The real problem with shows like this and "Three Scientists Walk Into A Bar" (they're engineers, not scientists) is that they often encourage risky and extreme behavior in the name of "science."
An engineer can't be a scientist?
Travis Taylor:


B.E.E. Electrical Engineering, Auburn University (1991)[4]

M.S. Physics, University of Alabama, Huntsville (1994)
Thesis: Rewriteable magneto-optic compact disk based optical processor[13]

Ph.D. Optical Science and Engineering, University of Alabama, Huntsville (1999)
Dissertation: Laboratory simulation of atmospheric turbulence induced optical wavefront distortion[13]

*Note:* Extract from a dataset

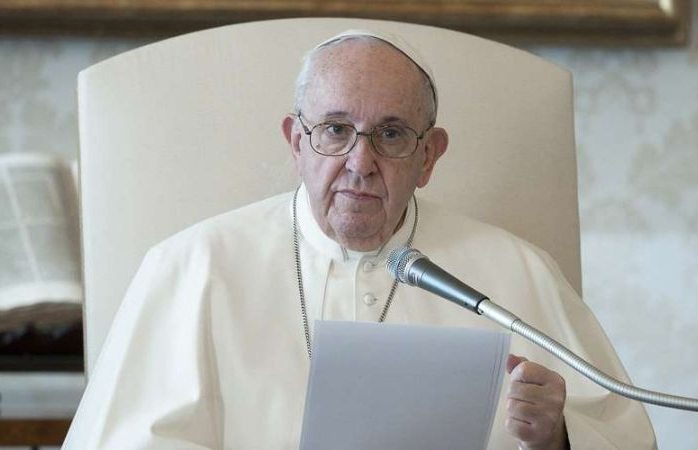 Incompatible estar a favor del aborto y defender medio ambiente: papa francisco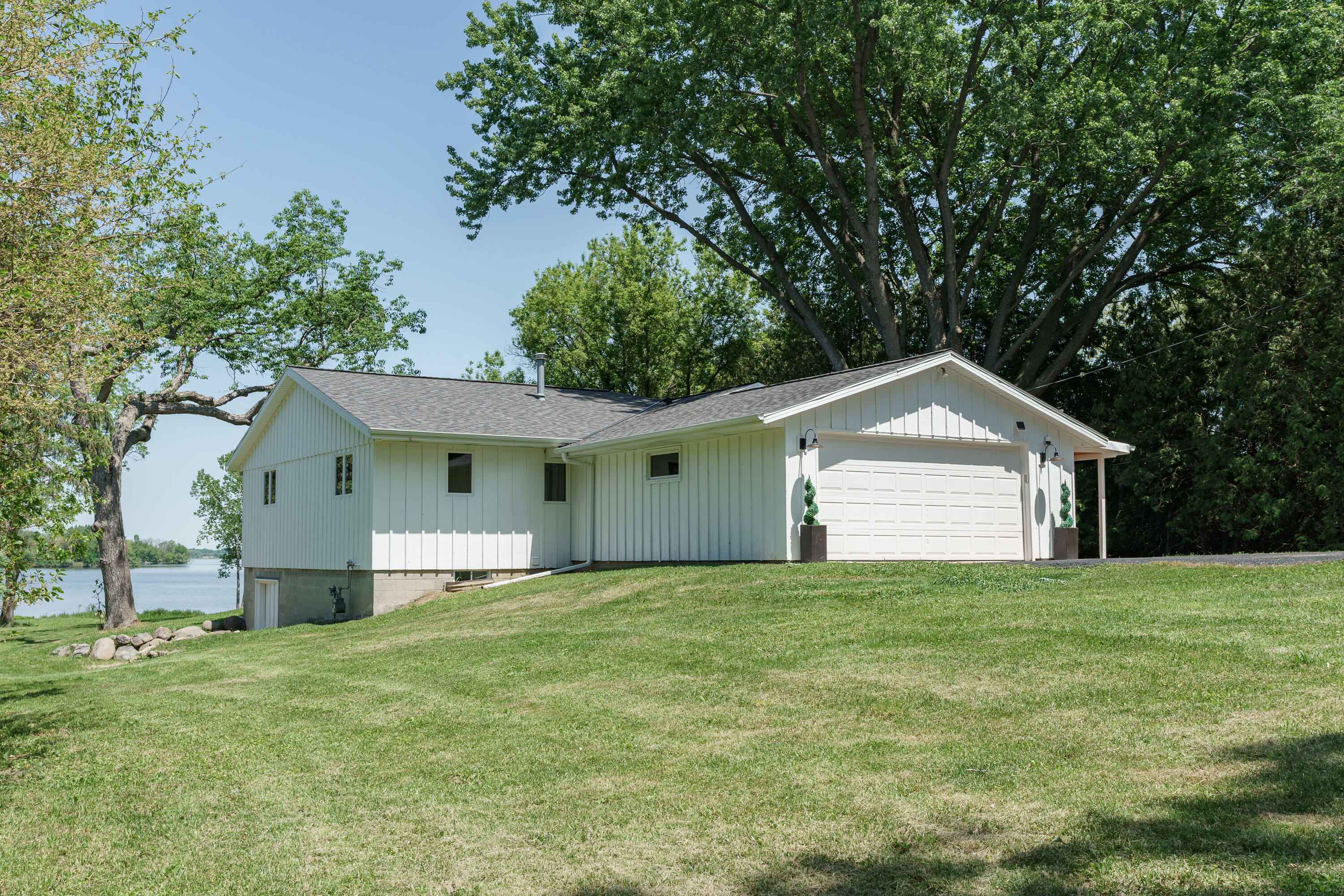 W4428 East Lakeview Road Hustisford, WI 53034 - Photo 1 of 64 1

M.S.E. Mechanical and Aerospace Engineering, University of Alabama, Huntsville (2001)
Thesis: Advanced solar and laser sail propulsion concepts for interstellar space travel[13]

Master of Astronomy, University of Western Sydney, Nepean (ca. 2004)[14]

Ph.D. Aerospace Systems Engineering, University of Alabama, Huntsville (2012)
Dissertation: Implementing planetary meteor impact craters as high gain radio frequency dish reflector antennas[13]

To obtain his accredited online master's degree in astronomy from the University of Western Sydney in Australia, he built an extrasolar planet imaging instrument in his backyard using a plastic pipe, telescopic camera, and $200 computer.[2]


en.wikipedia.org...

edit on 6/27/2016 by Phage because: (no reason given)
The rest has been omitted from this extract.